- Pentavryso Location within Greece
- Coordinates: 40°27′14″N 21°8′32″E﻿ / ﻿40.45389°N 21.14222°E
- Country: Greece
- Geographic region: Macedonia
- Administrative region: Western Macedonia
- Regional unit: Kastoria
- Municipality: Kastoria
- Municipal unit: Agia Triada
- Highest elevation: 790 m (2,590 ft)

Population (2021)
- • Community: 566
- Time zone: UTC+2 (EET)
- • Summer (DST): UTC+3 (EEST)

= Pentavryso, Kastoria =

Village in Macedonia, Greece

Pentavryso (Πεντάβρυσο, before 1928: Ζελιγκόσδη – Zeligkosdi) is a village in Kastoria Municipality, in Kastoria regional unit of Macedonia, Greece.

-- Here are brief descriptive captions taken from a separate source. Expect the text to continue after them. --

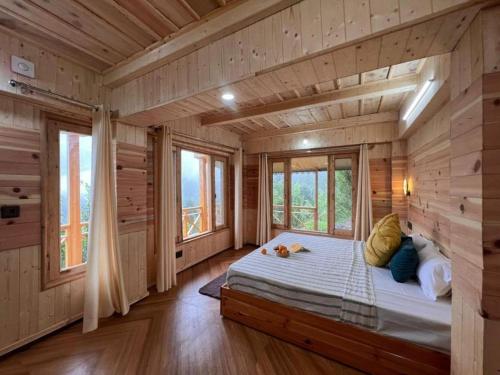 a wooden cabin with a bed in a room with windows at The nature view A shape tree cottage in Banjār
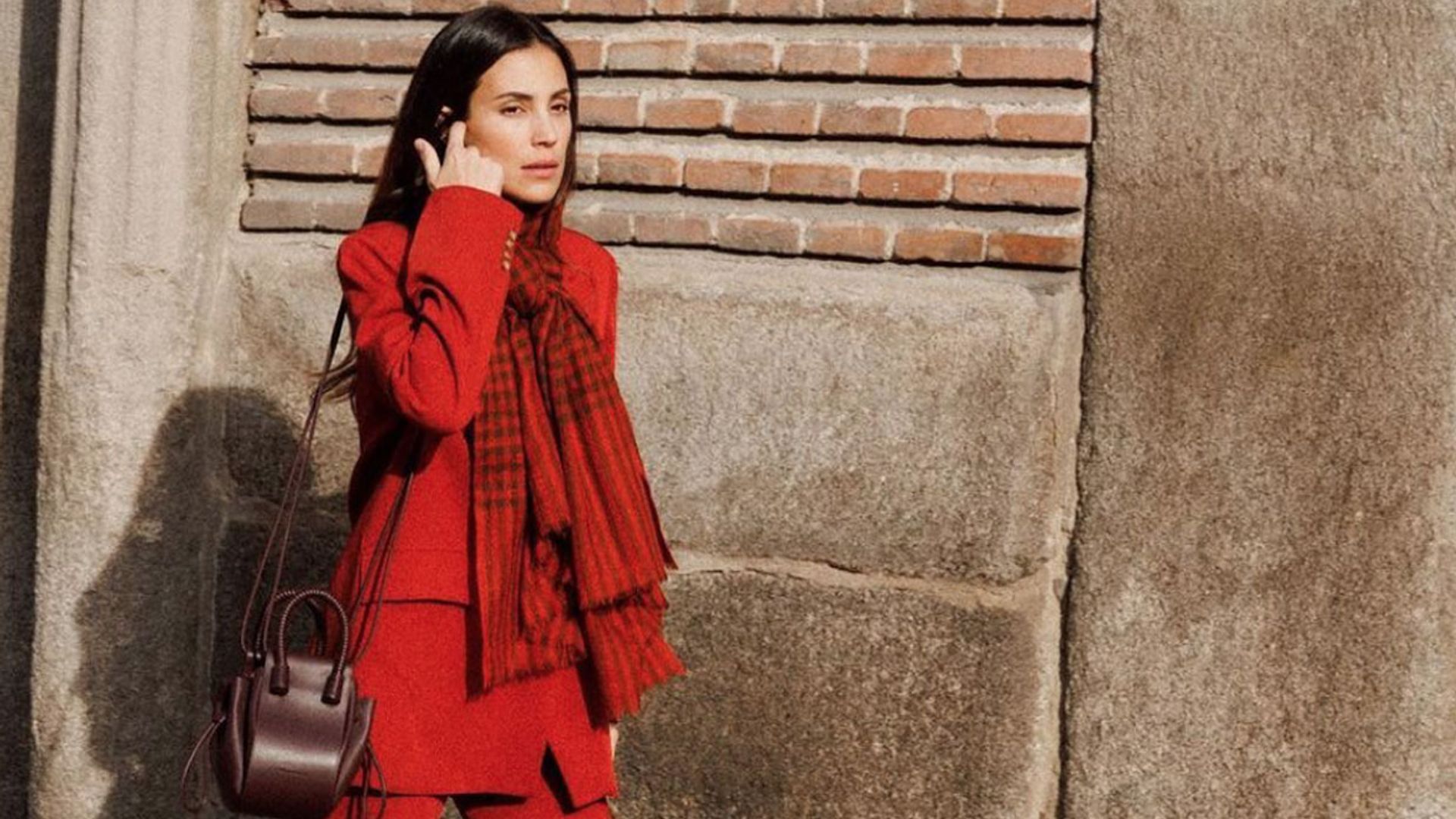 El look navideño de Sassa de Osma con traje rojo, bufanda estampada y bolso de Ubrique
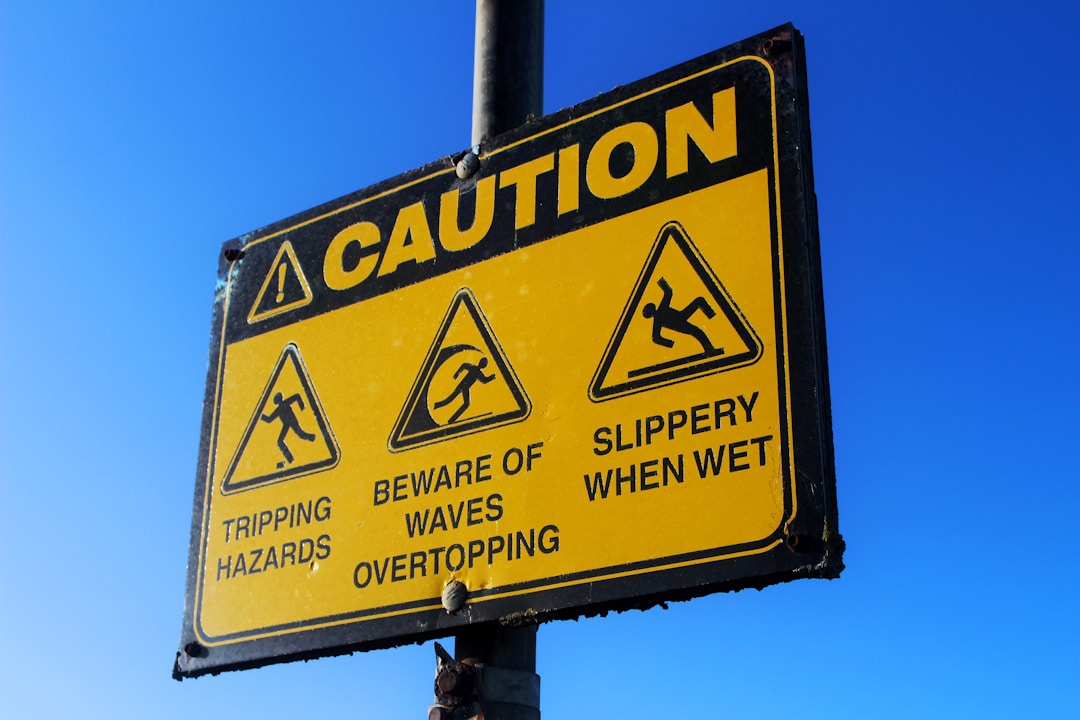 Traffic warning signs on road symbolizing caution and awareness of potential business risks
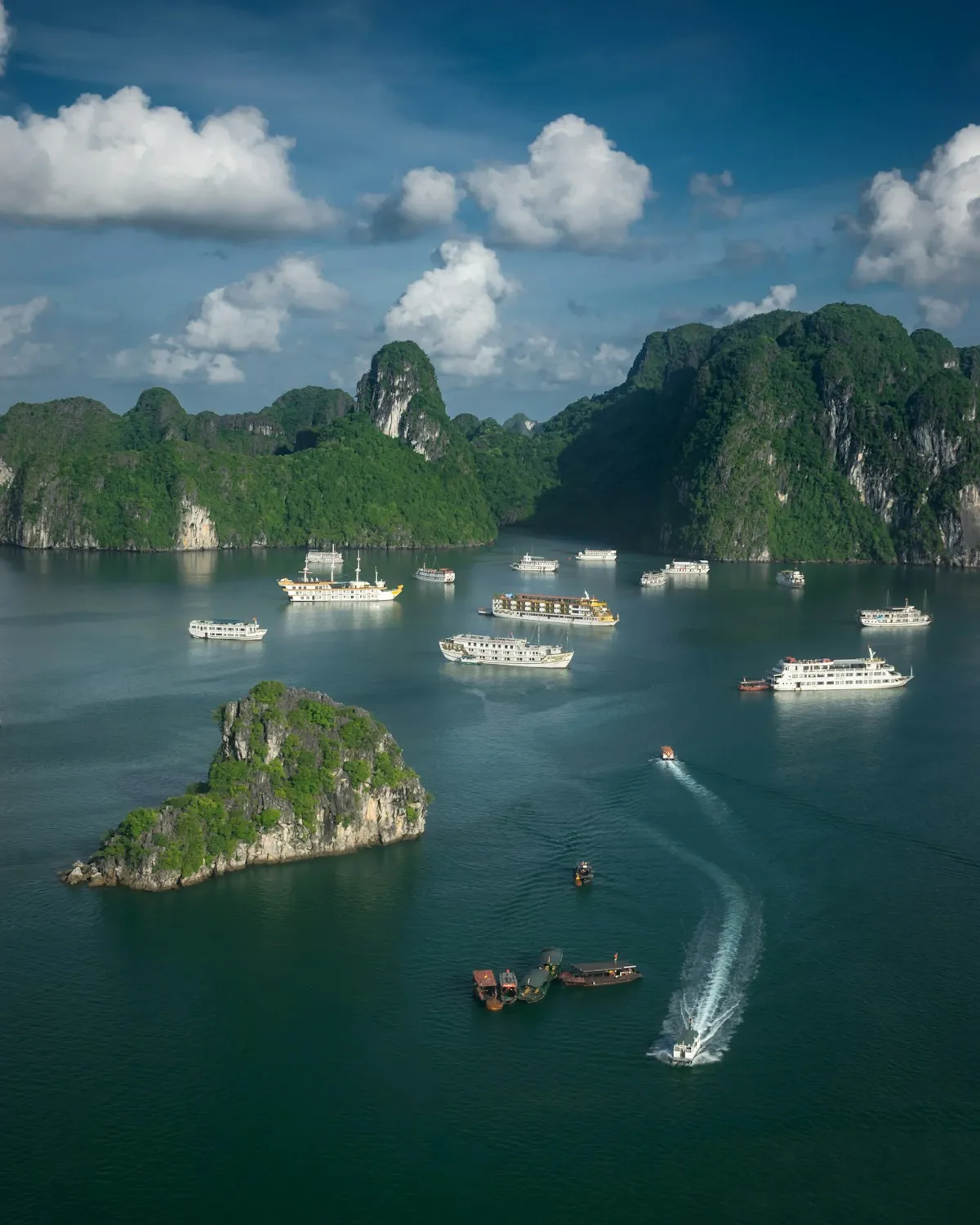 Ha Long Bay seen from the Ti Top Island viewpoint, cruise boats scattered among green limestone islets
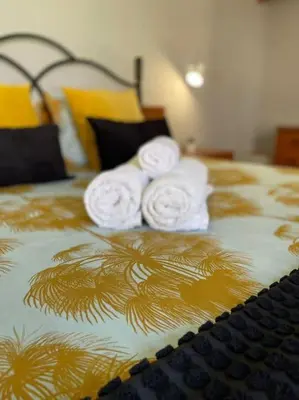 two white towels on top of a bed at Resort Albufeira T2, Praia da Oura in Albufeira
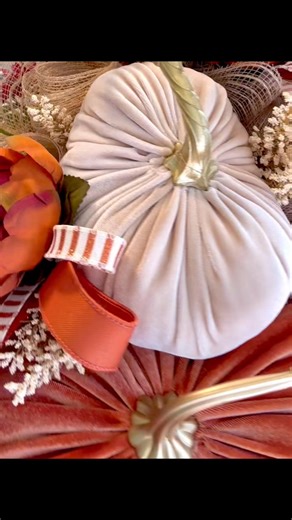 Welcome Autumn in style with this stunning Fall velvet pumpkin floral swag. Designed with 2 velvet pumpkins in rich orange and cream, this elegant arrangement is filled with lush greenery, autumn florals, and farmhouse-inspired ribbons. The perfect blend of rustic and refined, this sway brings cozy seasonal charm to your entryway, mantel, or wall. Dimensions: Approx.: 36" long x 18" wide x 9" deep tip to tip #twigsandsprigdesigns #paintedtreehighlandvillagetx #fallwreath #velvetpumpkins #frontdo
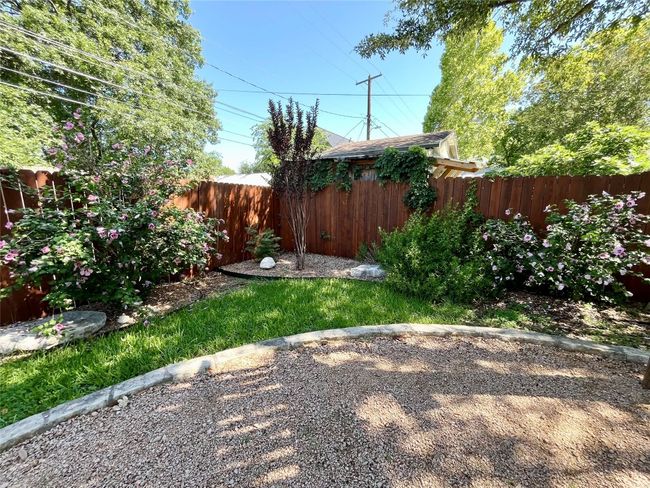 View of fenced backyard | Image 34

The village centre is on an altitude of 790 m. Pentavryso is sprawling from the northern slopes of a range of green and sandy hills of the Tsemna range (900 m). Kinina hill (902 m), at the forefront of the range stands over Pentavryso and overlooks the Kastoria plain. The village is 15 km SW from Kastoria and approximately 13 km W from Argos Orestiko. To the north and at about 1 km from Pentavryso is the eastward flowing Aliakmon river.l

==Name==
Linguist Ivan Duridanov states the village's original name comes from the Slavic personal name Zhelegod.

The modern Greek name of the village Pentavryso (Πεντάβρυσο) got its name from the 5 taps in the town, pentavrises pentavryso

==History==
The discovery of various antiquities testifies to the existence of a settlement during the Roman Empire on the currently flattened hill "Agios Spyridonas", at a distance of only one kilometer from the current village. In Pentavryso, in the summer of 1999, archaeologists discovered the oldest tomb relief of Upper Macedonia and one of the best classical works (in female form) that have ever been discovered in the entire Macedonia.

==Demographics==
The 1920 Greek census recorded 705 people in the village, and 575 inhabitants (70 families) were Muslim in 1923. Following the Greek–Turkish population exchange, Greek refugee families in Zeligkosdi were from Pontus (103) in 1926. The 1928 Greek census recorded 597 village inhabitants. In 1928, the refugee families numbered 105 (358 people).

== Culture ==
The Association of Friends of the Environment in the village organizes every July events on the mountain Profitis Elias.

From a sports point of view, the local football team is active, playing in the first amateur category for the Kastoria championship.

But the biggest event in the village is the cultural activities of the 15th of August with emphasis on Pontic traditions. These activities are organized every year by the Cultural Association "The Pontos" culminating in a two-day (usually) party attracting people from Greece and abroad that exceeds 5 to 6 thousand participants.